--- Raw data Enclosed Below ---

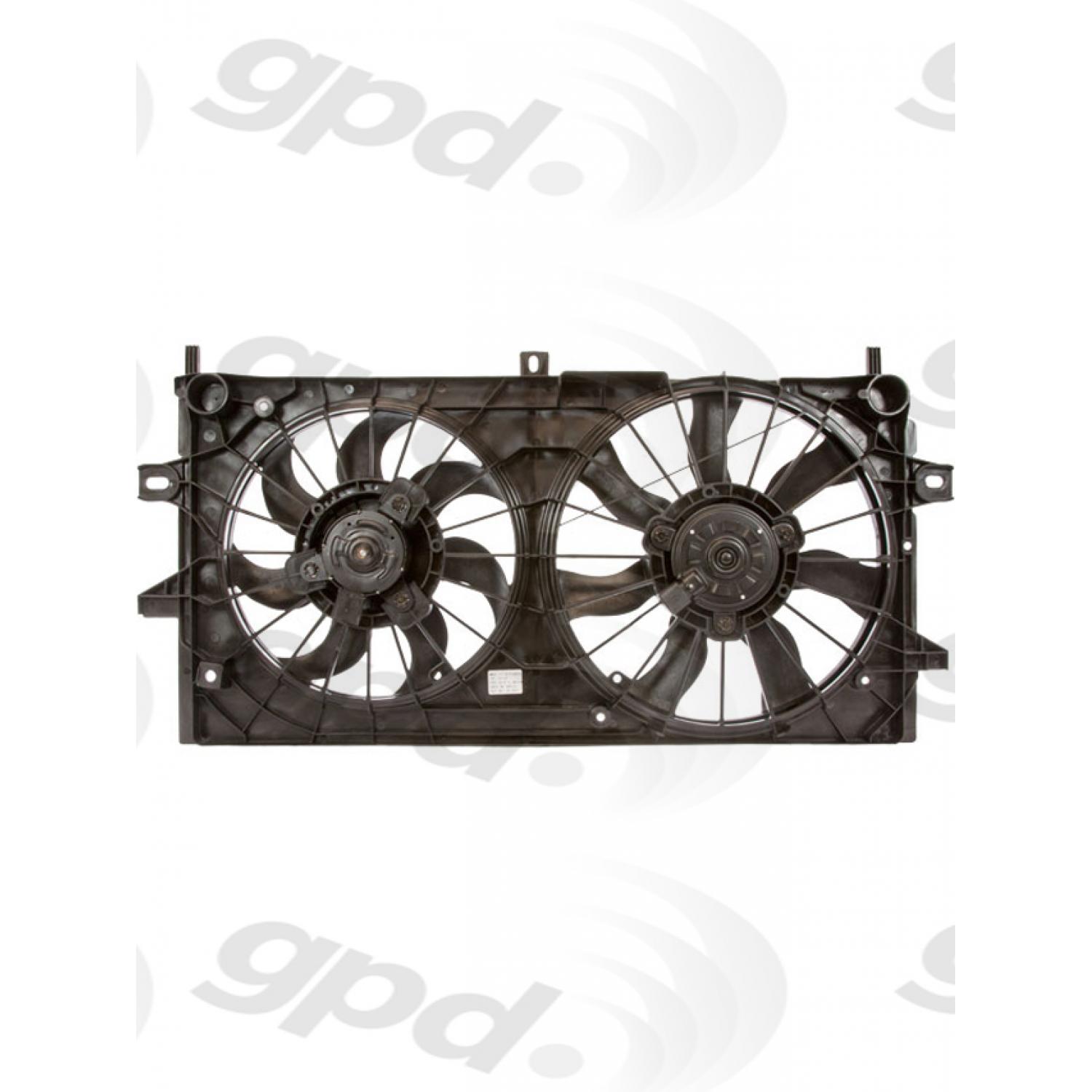 Global Parts Distributors 2811600 - Engine Cooling Fan Assembly Global Parts Distributors 2811600 Engine Cooling Fan Assembly product image 1 of 1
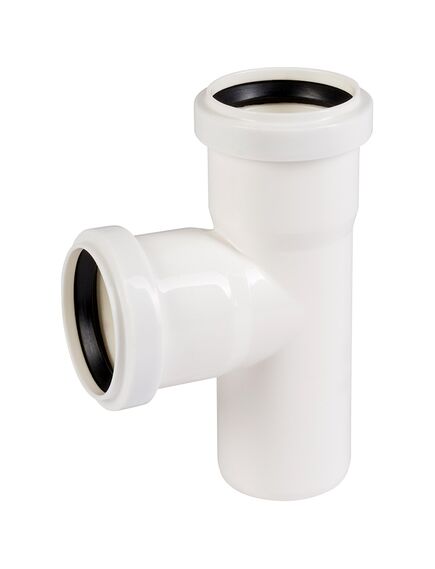 Купить Тройник Ostendorf D50x50х90* (белый) (559670) по цене 112.34 руб., в Санкт-Петебруге в интернет магазине 100-Систем, а также дургие товары OSTENDORF из раздела Тройники переходные белые фановые и Переходы белые фановые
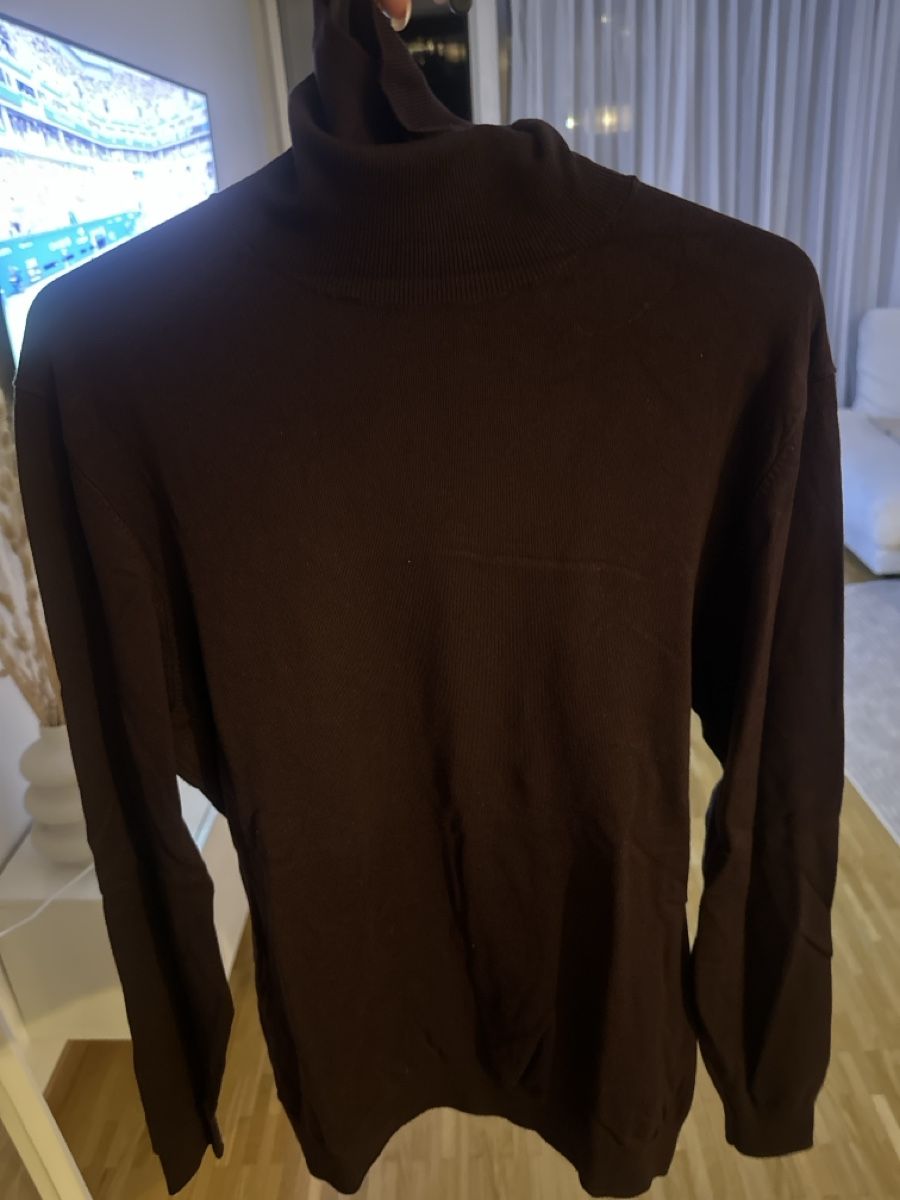 Maglioni & Felpe: Pull col roulé bordeaux taille M – Usato da Genève venduto da aid_kh67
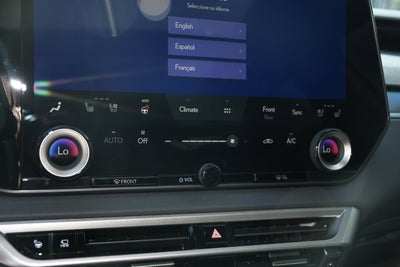 2026 Lexus RX RX 500h F SPORT Performance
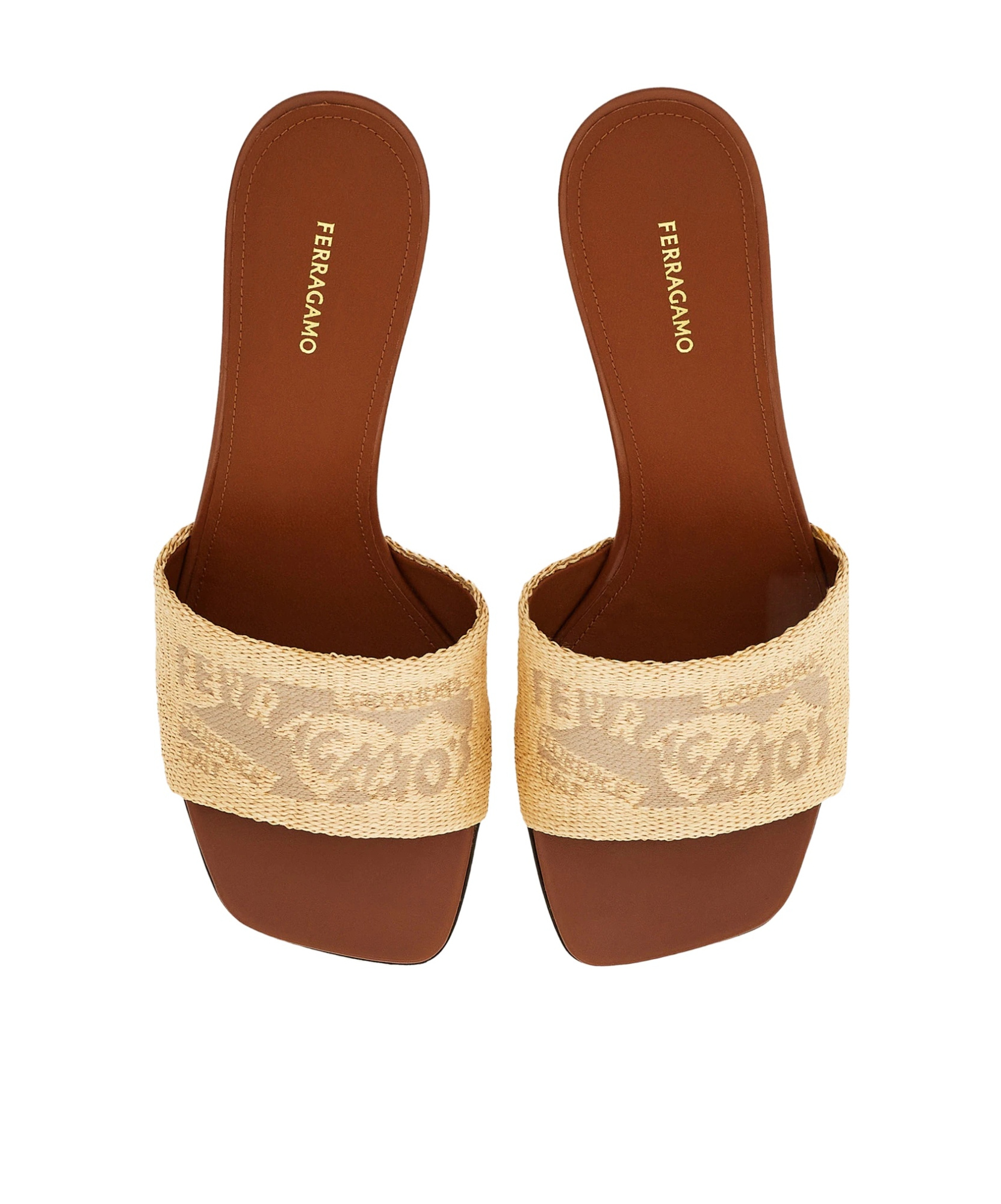 Ferragamo Venna Logo Slide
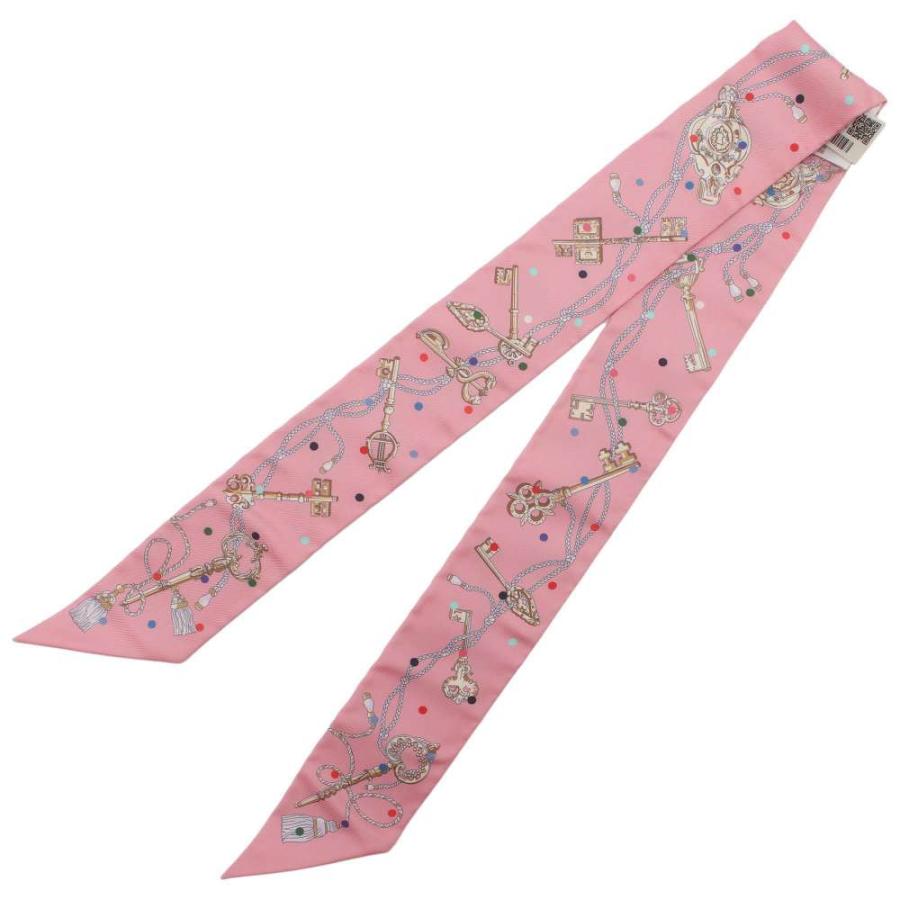 エルメス スカーフ ツイリー レ・クレ・ア・ポア Les Cles a Pois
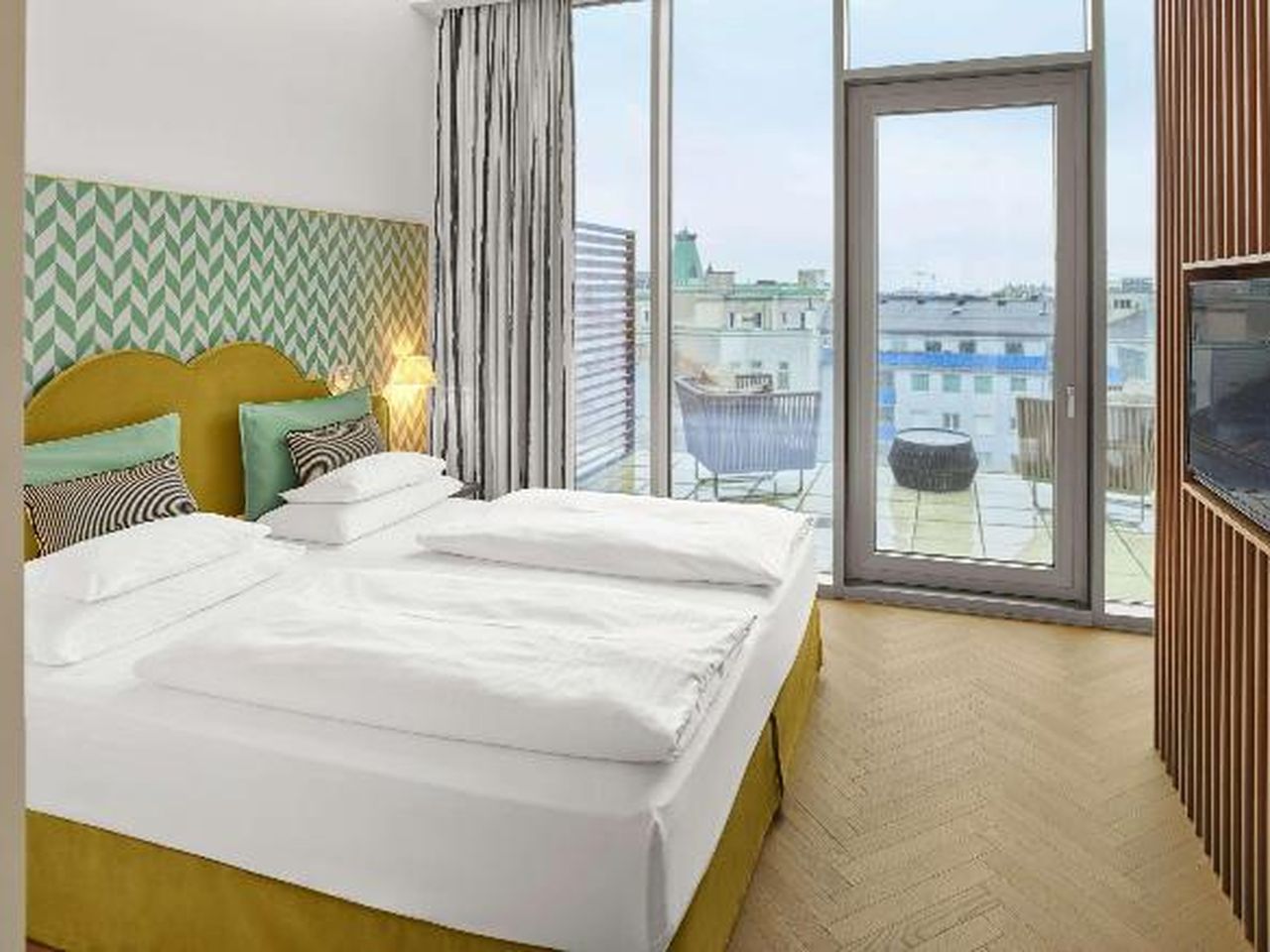 2 Tage im MAXX by Steigenberger Wien mit Frühstück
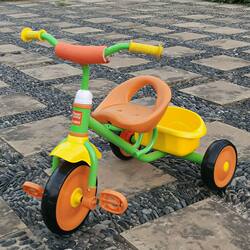 Children's tricycle 1-3-year-old children's cart bicycle bicycle baby slippery artifact 2-5 years old bicycle bicycle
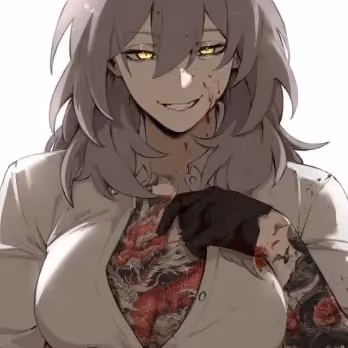 Maeko~/~Playful Yakuza Boss 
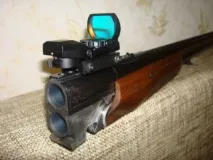 Коліматорні приціли мисливської зброї, рушниць, на гризонталку, який вибрати, коліматор, мисливської
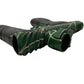 Dye DSR+ TWISTER Green Splash + Matching Mech Paintball Gun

--- End of Enclosed Raw data ---

*Problem requirements*. Find "Maglioni & Felpe: Pull" in the entries, then reproduce that line and each line after it exactly, through the last one. Pictures do not go in.

*Solution for this exercise*.
 Maglioni & Felpe: Pull col roulé bordeaux taille M – Usato da Genève venduto da aid_kh67
 2026 Lexus RX RX 500h F SPORT Performance
 Ferragamo Venna Logo Slide
 エルメス スカーフ ツイリー レ・クレ・ア・ポア Les Cles a Pois
 2 Tage im MAXX by Steigenberger Wien mit Frühstück
 Children's tricycle 1-3-year-old children's cart bicycle bicycle baby slippery artifact 2-5 years old bicycle bicycle
 Maeko~/~Playful Yakuza Boss 
 Коліматорні приціли мисливської зброї, рушниць, на гризонталку, який вибрати, коліматор, мисливської
 Dye DSR+ TWISTER Green Splash + Matching Mech Paintball Gun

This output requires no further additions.